Sonos has ruled out Dolby Atmos for its new compact soundbar, the Sonos Beam.
In a candid interview with the company's sound experience leader, Giles Martin, he told Pocket-lint that, while he is an avid fan of Dolby's latest surround sound technology, it wasn't right for the Beam: "The Sonos Beam doesn't support Dolby Atmos," he confirmed. "This is a small product and you have to get it right. We wanted to make sure the dialogue was clear, it has good bass, and it is much better to have the right technology to do that, rather than adding it [Atmos] and getting it wrong."
Martin has created numerous projects in Dolby Atmos in the past himself, including a secret remaster of his father's original recording of The Beatles' Sergent Pepper album. And he agrees that it would have been good to have Atmos support on the Beam, but not at the cost of conflicting with its other audio properties.

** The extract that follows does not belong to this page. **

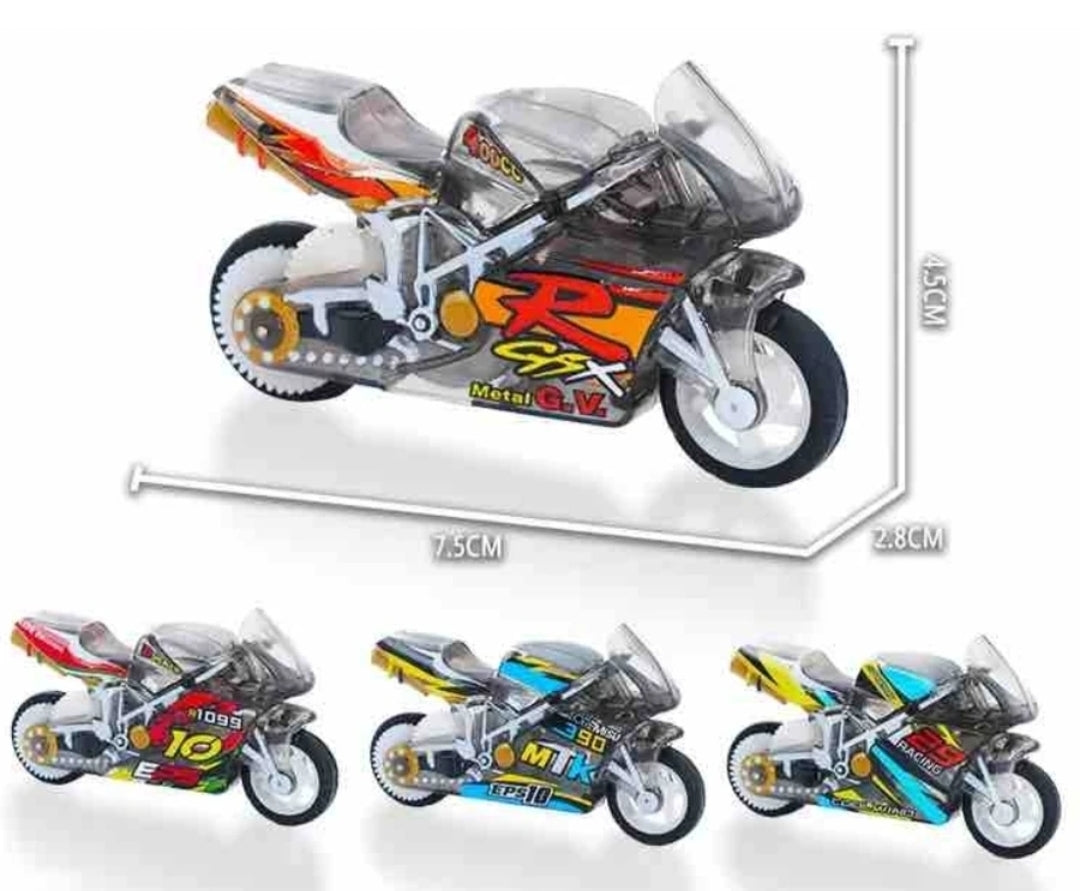 Heart Light ❤️ Friction Racing Bike Keychain🏍️ Valentine Day Combo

He should know. A two-time Grammy Award-winning music producer, songwriter, composer and multi-instrumentalist, Martin has extensive experience both as a musician and music director. He has worked with some of the world’s biggest-selling artists and has been critically acclaimed for his record production, live show, television and film creation.
His production and mixing credits include working with Paul McCartney, Jeff Beck, Kate Bush and The Beatles. He has also worked on movies for Martin Scorsese, Matthew Vaughn and Ron Howard.

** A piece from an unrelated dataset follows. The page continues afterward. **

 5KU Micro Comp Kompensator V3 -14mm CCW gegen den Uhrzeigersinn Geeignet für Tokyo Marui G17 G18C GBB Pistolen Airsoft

"I agree it would be a good thing to stick on the side of the product, but it has to work. And its not something you can simply do via software unless you trying to create the experience virtually," he added.
"You have to understand what Dolby is and does. I've done lots of projects in Dolby Atmos and we work with others that do too, but if you get it wrong it's confusing. I am really vested in Dolby Atmos as a creator, but in this project it didn't make any sense."
Dolby Atmos is still a fledgling experience for the home. While Apple has announced that it's Apple TV 4K box will support the technology later this year and Sky Q has started to range some films and sporting events with Dolby Atmos sound, Martin believes that to achieve the experience in the home properly, you'll have to invest in some expensive kit: "For now, it's still very much a cinema experience for the most part," he said.
"It can be really immersive, but if you don't play it through a good system it doesn't sound good. Ultimately, you don't want it to sound worse."
That's rules Sonos out for the moment, but doesn't mean the company couldn't look to create a Dolby Atmos product in the future:
"I think we [Sonos] could be able to do it, but it's a bigger cost. It would be more suited to the Sonos Playbar in that respect, rather than what we are trying to achieve with the Sonos Beam."
The Sonos Beam will cost £399 / $399 and launches on 17 July. It is available for pre-order now.